According to lead researcher, Dr. Catherine Bondonno, “the greatest reduction in risk was for peripheral artery disease (26 percent), a type of heart disease characterized by the narrowing of blood vessels of the legs. However, we also found people had a lower risk of heart attacks, strokes, and heart failure.”
Don’t be fooled: The difference between all-natural nitrates and added nitrates is night and day
Nitrate is a confusing word. Chances are you’ve been warned to steer clear of nitrates in food, but that’s a blanket statement that needs deconstruction.
Yes, synthetic nitrates such as potassium nitrate may cause health problems. These are the chemicals added as preservatives to processed foods like deli meat, cured meat, bacon, sausage, and hot dogs. According to the Environmental Working Group, when you consume synthetic nitrates or nitrites, your body breaks them down into a compound called nitrosamines, which have been linked to an increased risk of cancer.

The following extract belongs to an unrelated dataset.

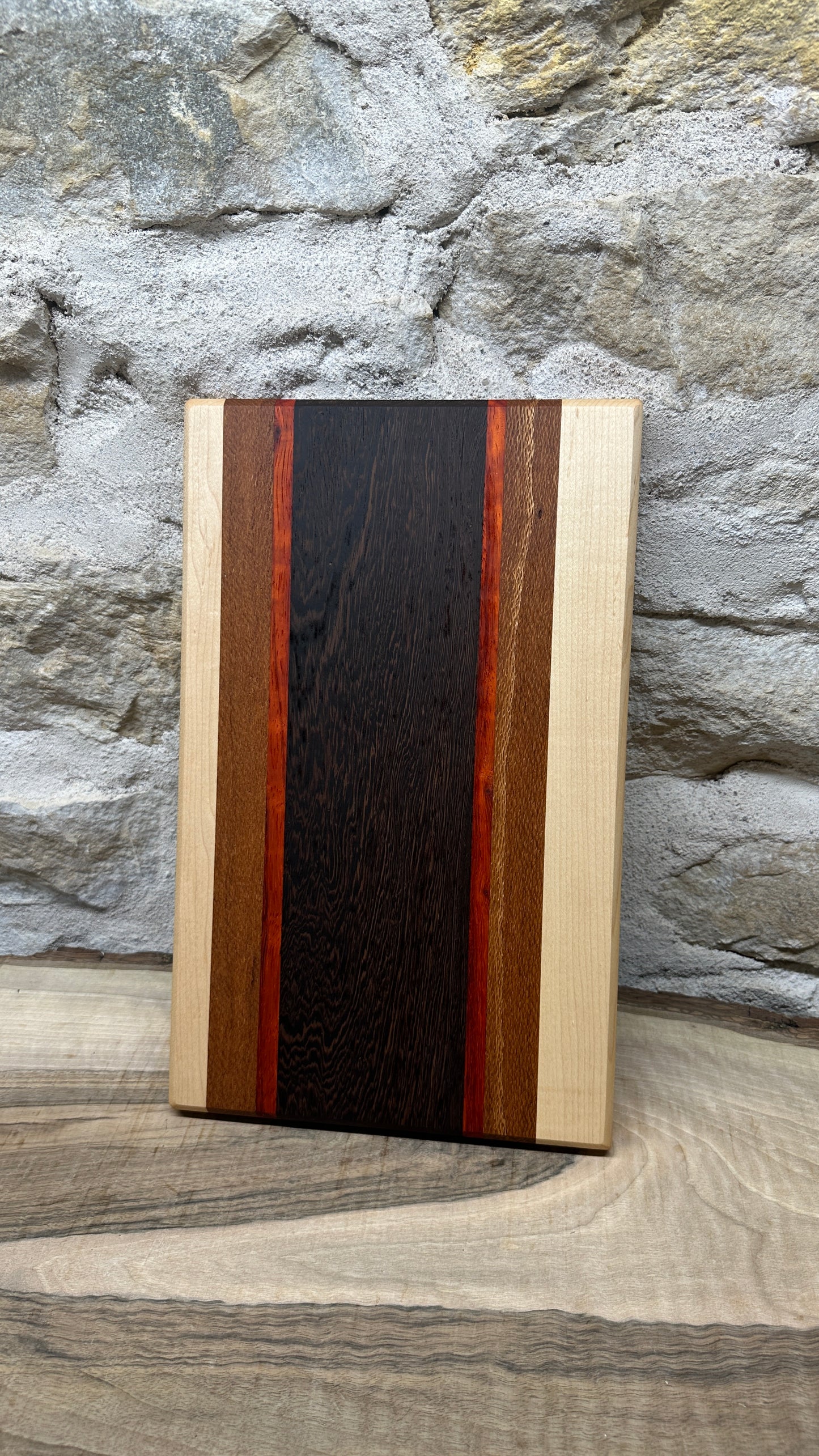 Planche à découper en bois massif
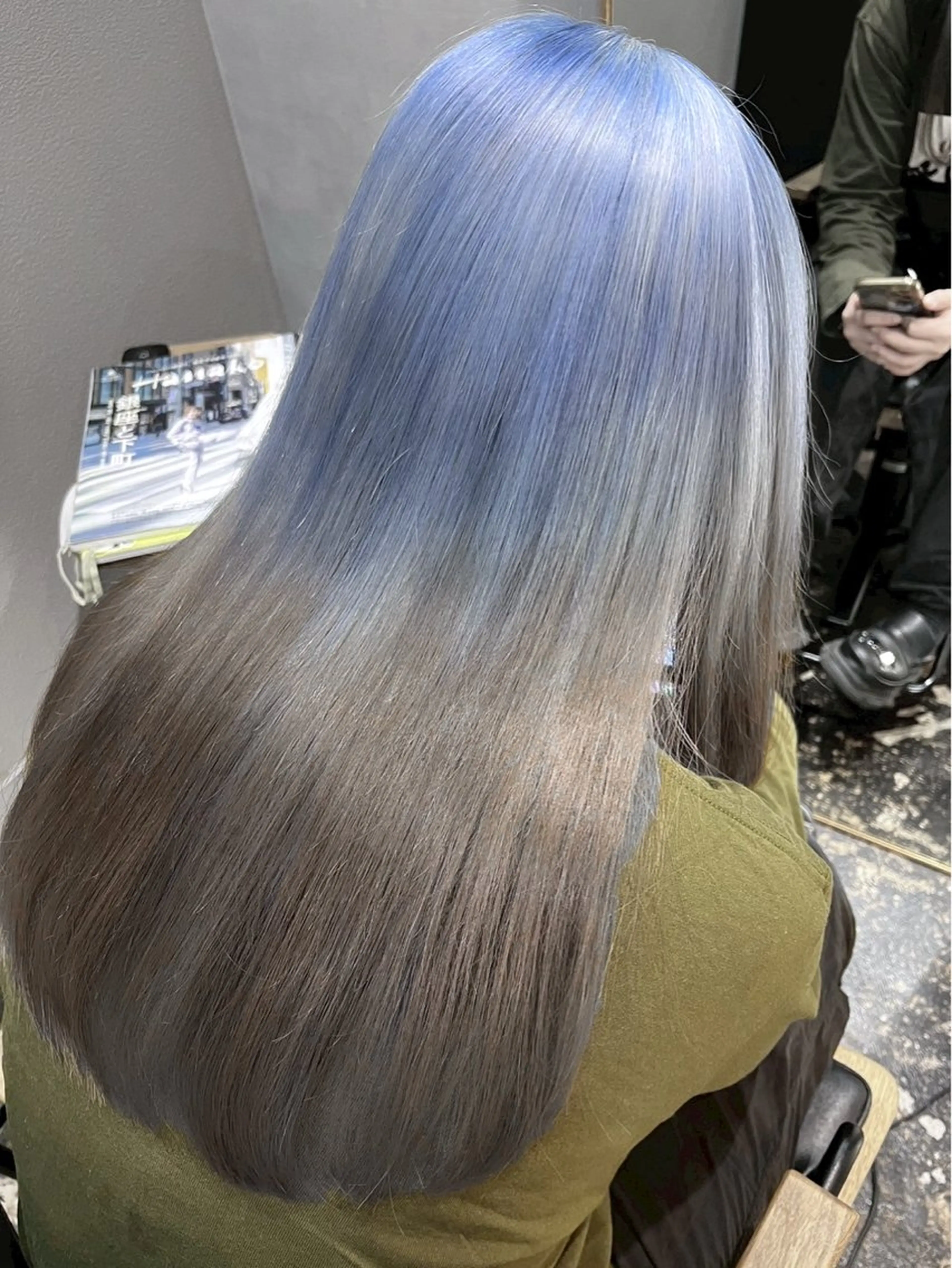 ロング カラー ブラウンカラー ナチュラルブラウン カット ヘアカラー トリートメント ハイトーン/韓国風/ 艶髪/吉祥寺のヘアスタイル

Vegetables and fruit, on the other hand, acquire nitrates and nitrites from the soil they grow in. Nitrates are part of natural mineral deposits, while nitrites are formed by soil microorganisms that break down animal matter. Vegetables and fruits are protein-rich and contain protective components like vitamin C, polyphenols, and fiber, which have all been shown to reduce nitrosamine formation.
Load up on nitrate-rich vegetables to protect your heart
Globally, a staggering 17.9 million people die of heart disease each year. In the U.S., where heart disease is the leading cause of death for men, women, and most racial and ethnic groups, 655,000 people die per year.
The numbers tell us one thing:
It’s time to embrace the greens. If you want to promote heart health, eat a widely varied diet with plenty of nitrate-rich vegetables and avoid excessive amounts of processed meat.